Par exemple, le vol de données chez Equifax a été découvert en juillet dernier, plusieurs mois après les premières introductions des pirates, et le public n'a été informé qu'en septembre.

Selon le fondateur et président de la firme Rank Software de Toronto, Niranjan Mayya, il faut en moyenne 143 jours pour repérer une faille dans un système informatique.

Le défi se complique continuellement avec l'apparition constante de nouveaux appareils connectés partout sur la planète.

«De toute évidence, la vieille méthode de chercher des menaces de cybersécurité et d'employer des gens pour vérifier chaque menace ne fonctionne plus, alors les moyens automatisés de détection de menaces deviennent de plus en plus importants», soutient M. Mayya.

David Masson, directeur du bureau canadien de la firme britannique Darktrace, croit que l'intelligence artificielle va aider à identifier les menaces en détectant et en stoppant rapidement les attaques grâce au repérage de marqueurs subtils associés aux intentions malveillantes.

Il précise que le système développé par son entreprise couvre le réseau entier de ses clients, incluant chaque utilisateur et chaque appareil pour détecter la plus infime déviation de comportement.

David Masson renchérit sur la nécessité de recourir à l'intelligence artificielle en soutenant qu'il est essentiel d'avoir une défense automatisée pour contrer les attaques de «machines contre machines» lancées par des pirates de plus en plus sophistiqués.

«C'est comme regarder un cyber combat de bras de fer», a-t-il imagé en entrevue.

Le fournisseur d'électricité établi en Ontario, Energy+, révèle que le système Darktrace l'a informé de la présence d'un utilisateur relié à un site malveillant en Russie et qui téléchargeait des données confidentielles vers un nuage.

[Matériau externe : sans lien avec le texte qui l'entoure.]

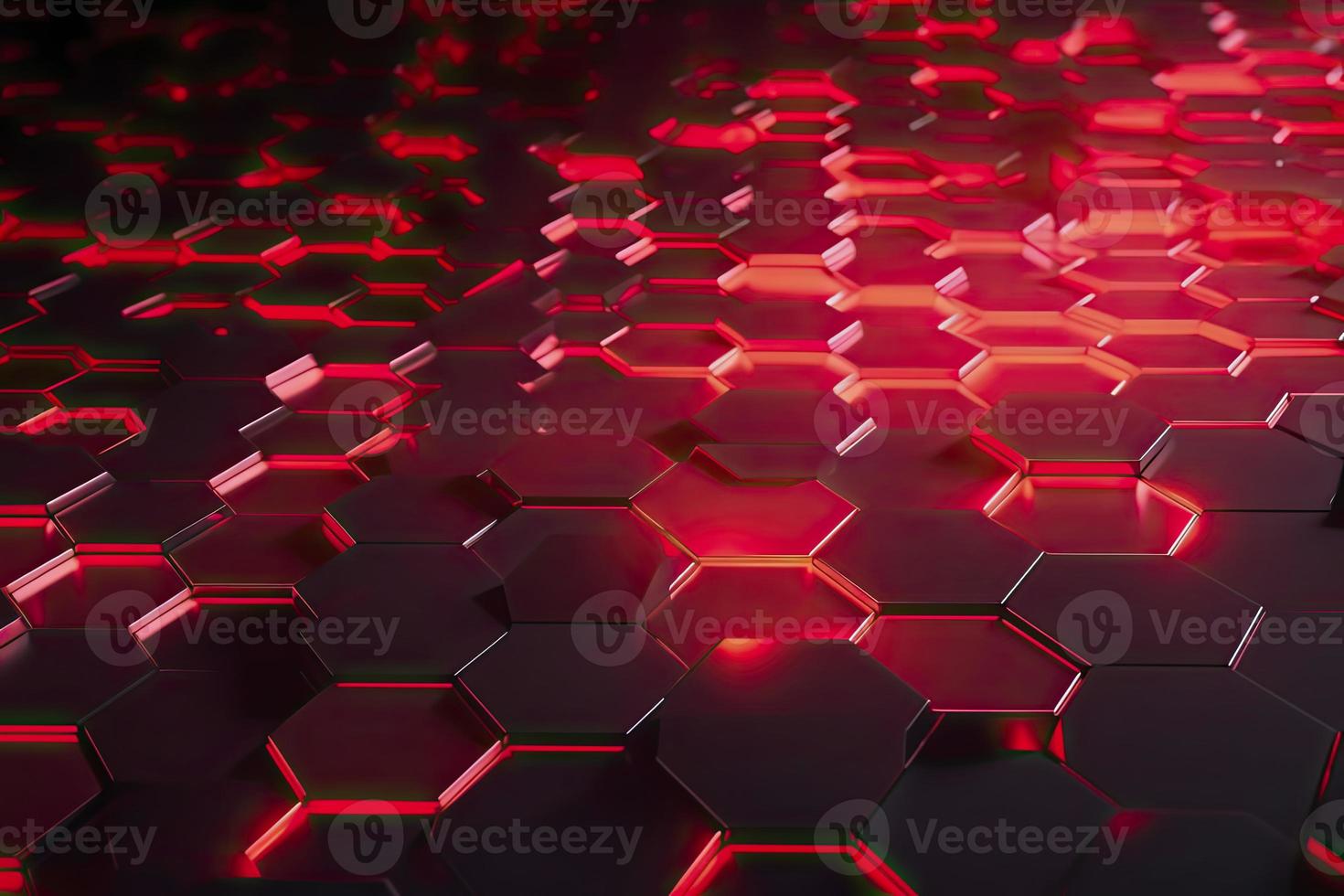 Abstract futuristic surface concept with hexagons. Trendy sci-fi technology background photo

Une menace que son système de sécurité n'avait pas réussi à repérer.

Certains observateurs tendent à atténuer l'enflure autour de l'intelligence artificielle, rappelant que nous n'en sommes qu'à la naissance de la technologie.

Le chef de la direction de la firme Receptiviti, Jonathan Kreindler, déplore que l'engouement autour de l'intelligence artificielle se transforme pratiquement en exercice marketing pour des entreprises qui ne possèdent pas vraiment la plus fine technologie.

«Le terme »intelligence artificielle« est désormais appliqué malheureusement à n'importe quel type de raisonnement algorithmique», fait valoir M. Kreindler, dont la firme utilise l'intelligence artificielle pour certains enjeux de cybersécurité.

L'entreprise canadienne de technologies de l'information CGI affirme que l'intelligence artificielle est un champ croissant d'intérêt pour les consommateurs, bien que le client moyen se trouve généralement dans les premiers stades d'exploration sur l'adoption de l'intelligence artificielle en cybersécurité.